Problem requirements: Please, without any pictures, set down exactly the part of the listing below that opens with the line containing "Weihnachtskugel Katze handgemacht" and closes with the line containing "KUAIYIJU Teclado de".

Given records:

━━━━━━━━━━━━━━━━

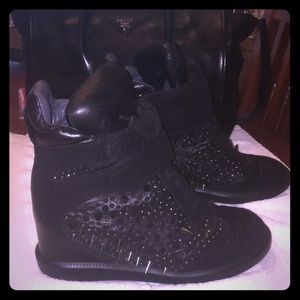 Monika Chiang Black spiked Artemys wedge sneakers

━━━━━━━━━━━━━━━━

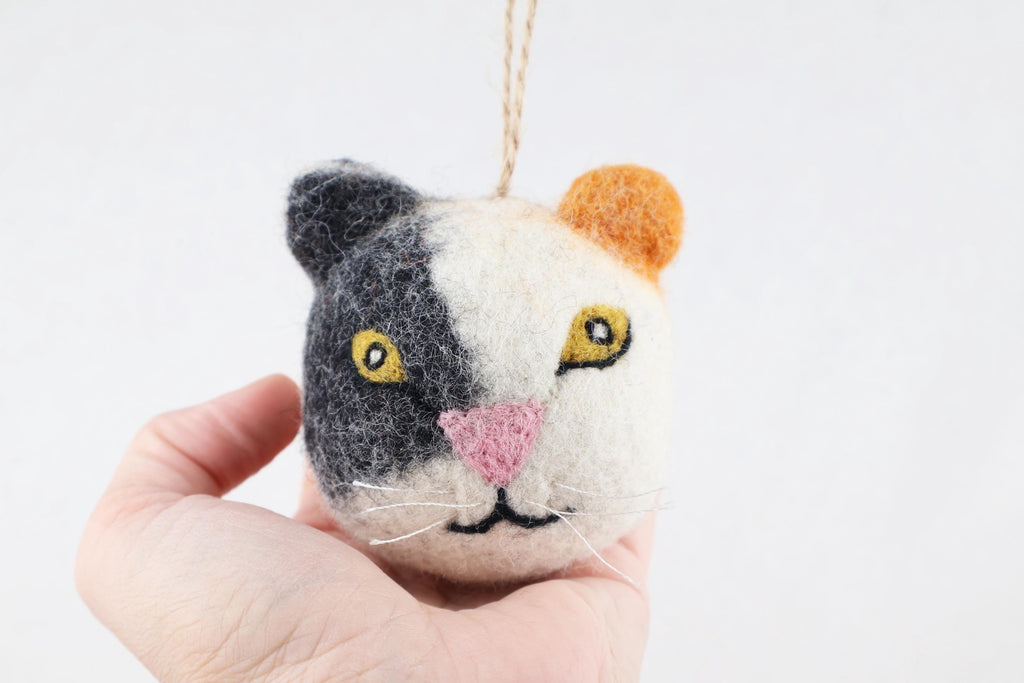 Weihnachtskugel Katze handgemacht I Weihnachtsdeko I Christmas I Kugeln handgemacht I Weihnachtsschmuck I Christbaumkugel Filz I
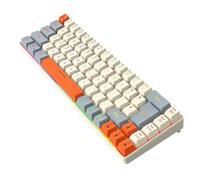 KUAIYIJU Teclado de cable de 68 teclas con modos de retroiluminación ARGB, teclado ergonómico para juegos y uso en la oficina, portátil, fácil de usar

━━━━━━━━━━━━━━━━

Response below:
 Weihnachtskugel Katze handgemacht I Weihnachtsdeko I Christmas I Kugeln handgemacht I Weihnachtsschmuck I Christbaumkugel Filz I
 KUAIYIJU Teclado de cable de 68 teclas con modos de retroiluminación ARGB, teclado ergonómico para juegos y uso en la oficina, portátil, fácil de usar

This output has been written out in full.